Sunday, October 24, 2010

"Hi! Can Yago play?"

Which came first, the comforting feel of the ball in my hands or my ability to keep it in my hands?

I don't know. But I know I don’t remember ever feeling bad with a basketball in my hand.

To this day, there is some mysterious connection that occurs when I pick up the ball, a current that begins to flow. I do remember sometimes feeling bad when thinking about basketball, especially in high school, especially junior and sometimes, more rarely, senior year. I might feel bad in a game when the ball was knocked out of my hands, but never, ever when the ball was in my hands. When the ball was in my hands, and even just when I stepped on the court, all was right: I always felt good, confident, hopeful, optimistic, relaxed, and at ease.
Don't Think Too Much

If I wasn’t playing I was looking forward to playing. When I finished playing I felt a bit of sadness, loss. Sometimes I’d feel disappointed in how I’d played. Sometimes I’d feel frustrated about the play of teammates or the breaks that hadn’t gone our way. Sometimes (usually) I’d feel nervous looking ahead to a game. But those feelings never grew to the point where I dreaded playing, or was afraid to play. On the contrary, they were always swaddled in eager anticipation of the next game, the next time the ball would be in my hands.
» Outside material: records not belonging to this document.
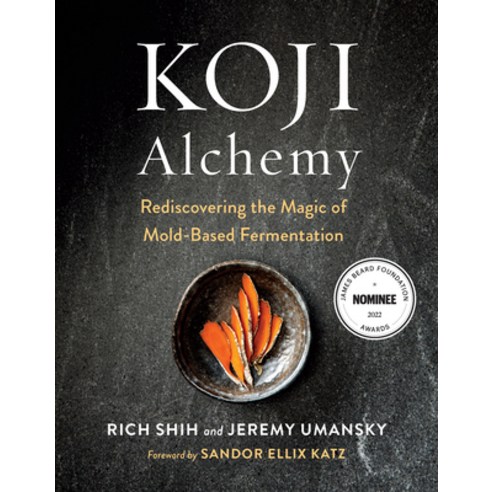 (영문도서) Koji Alchemy: Rediscovering the Magic of Mold-Based Fermentation (Soy Sauce Miso Sake Miri... Hardcover, Chelsea Green Publishing Co..., English, 9781603588683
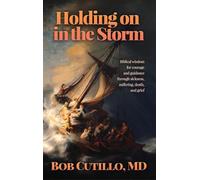 Holding on in the Storm: Biblical wisdom for courage and guidance through sickness, suffering, death, and grief
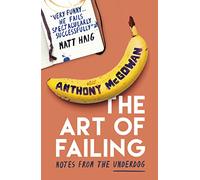 The Art of Failing: Notes from the Underdog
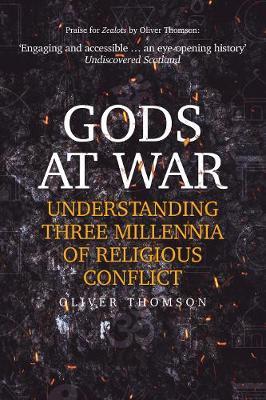 Gods at War - Oliver Thomson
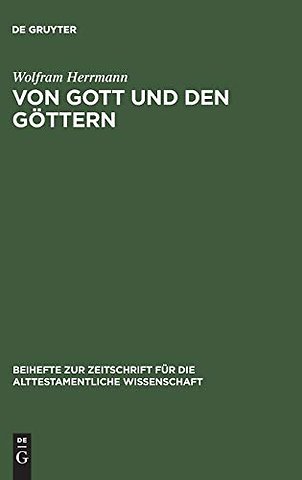 Von Gott und den Göttern – Gesammelte Aufsätze zum Alten Testament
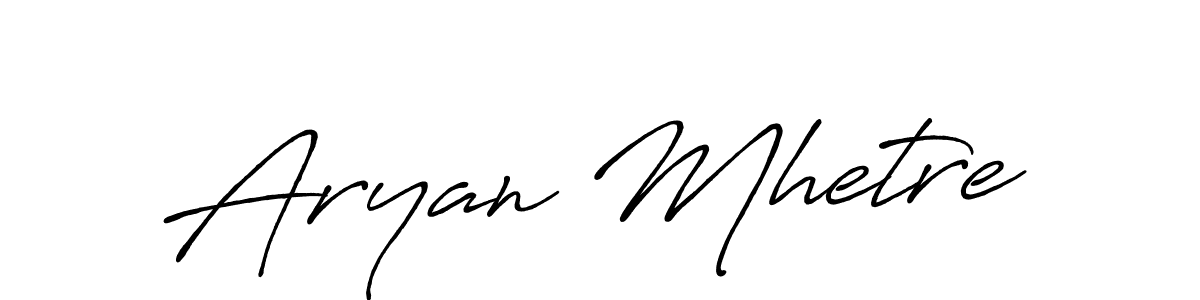 Aryan Mhetre stylish signature style. Best Handwritten Sign (Antro_Vectra_Bolder) for my name. Handwritten Signature Collection Ideas for my name Aryan Mhetre. Aryan Mhetre signature style 7 images and pictures png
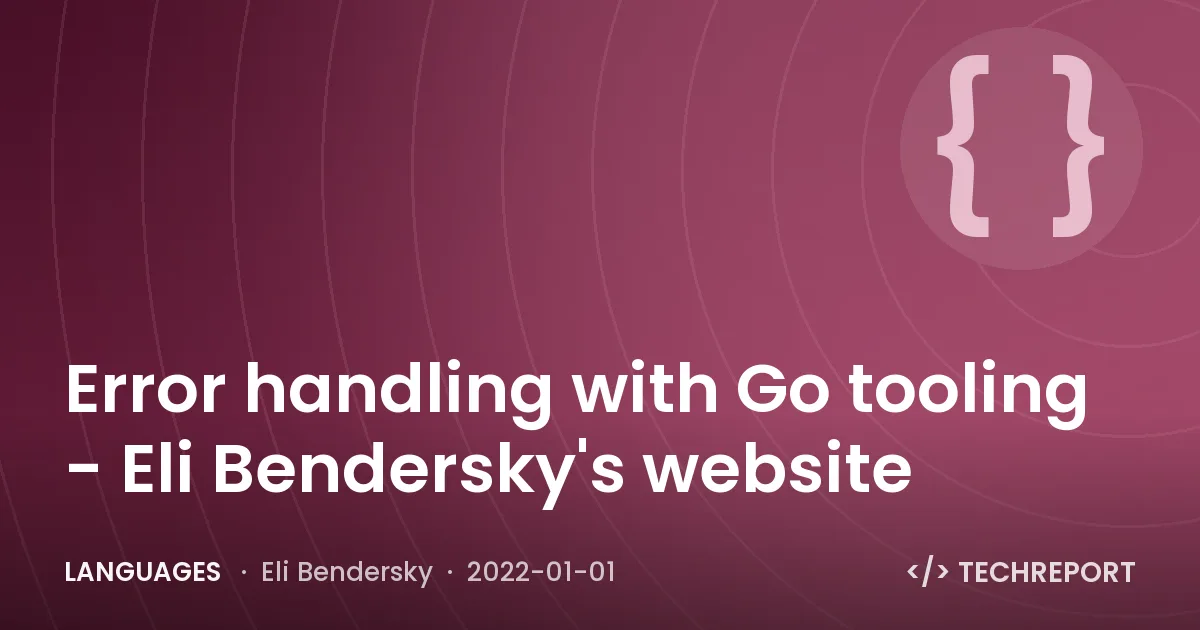 Error handling with Go tooling - Eli Bendersky's website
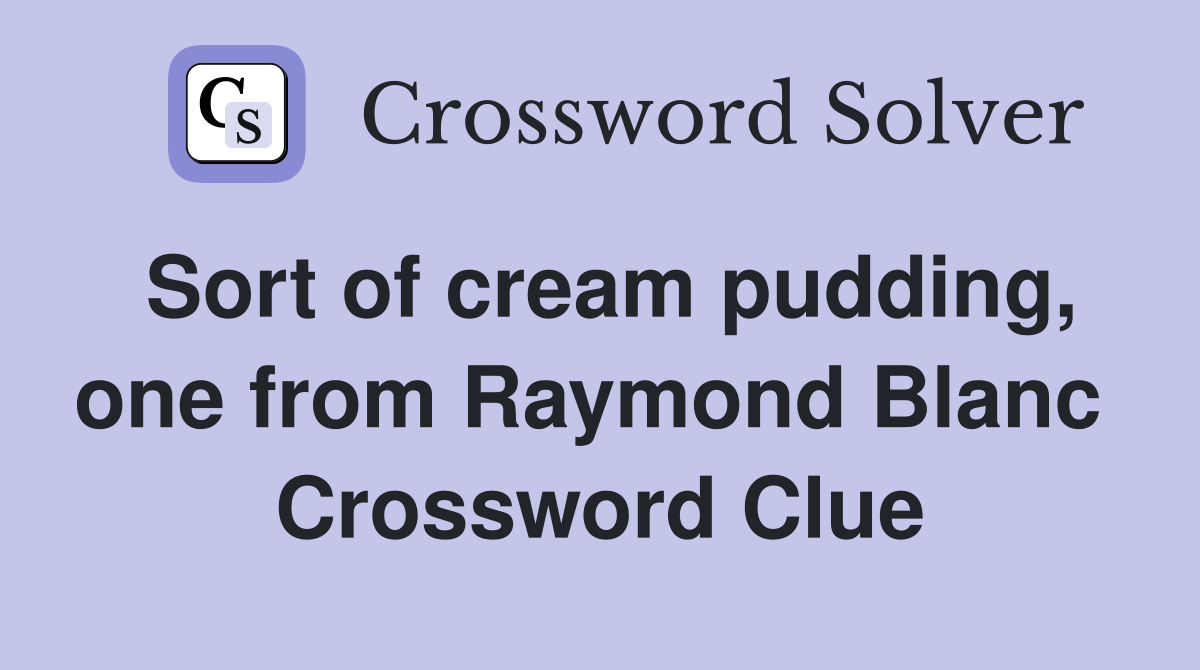 Sort of cream pudding, one from Raymond Blanc  Crossword Clue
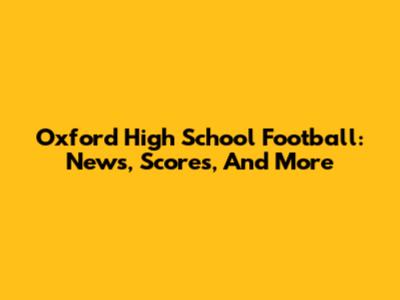 Oxford High School Football: News, Scores, And More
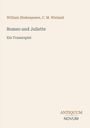 Text: "William Shakespeare, C. M. Wieland. Romeo und Juliette. Ein Trauerspiel." Unten steht "ANTIQUM NOVUM". Hellbeiger Hintergrund.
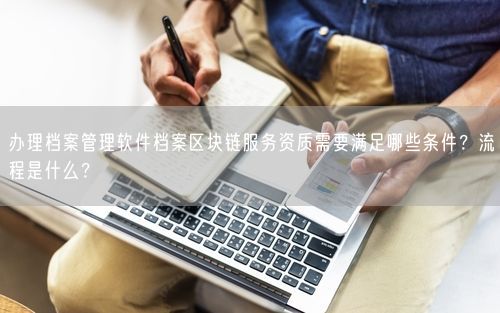 办理档案管理软件档案区块链服务资质需要满足哪些条件？流程是什么？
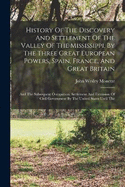 History Of The Discovery And Settlement Of The Valley Of The Mississippi, By The Three Great European Powers, Spain, France, And Great Britain: And The Subsequent Occupation, Settlement And Extension Of Civil Government By The United States Until The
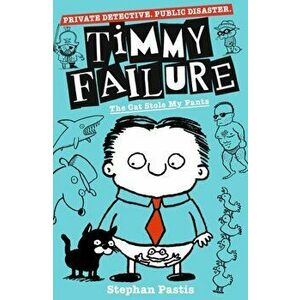 Timmy Failure: The Cat Stole My Pants, Paperback - Stephan Pastis imagine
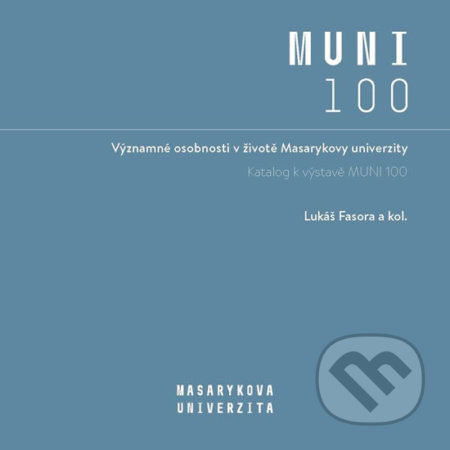 Kniha: Významné osobnosti v životě Masarykovy univerzity (Lukáš Fasora). Muni Press, 2019 Kniha: Významné osobnosti v životě Masarykovy univerzity (Lukáš Fasora). Muni Press, 2019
Usually, just lying back in my bed, picking up my ball, move it around in my hands, just feeling it was enough to comfort me.

Near the beginning of his basketball memoir My Losing Season, the novelist Pat Conroy talks about the staccato rhythms of the ball on the floor:

Where did all those games go, the ones I threw myself headlong into as a boy, a rawboned kid who fell in love with the smell and shape of a basketball, who longed for its smooth skin on the nerve endings of my fingers and hands, who lived for the sound of its unmistakable heartbeat, its staccato rhythms, as I bounced it along the pavement throughout the ten thousand days of my boyhood.
I know well the comfort of that feel and of that sound. The sense of absolute easy, effortless control dribbling the basketball. It was on a string, a part of my hand. Casually dribbling, then springing into motion, intensifying the rhythm of the ball, which followed me a like a cheerfully obedient pet. And there was a kind of pleasure I felt and indulged in varying and controlling the rhythm of the ball hitting the pavement on the floor. I can’t consciously keep a beat to save my life, but with the ball in my hands, I was a percussionist -- the ball and pavement my instruments -- and more than once I dribbled around the driveway laying down the track of the bouncing ball over the rhythms of Earth, Wind and Fire blaring out of my father’s boom box (which he’d allowed me to take out to the garage).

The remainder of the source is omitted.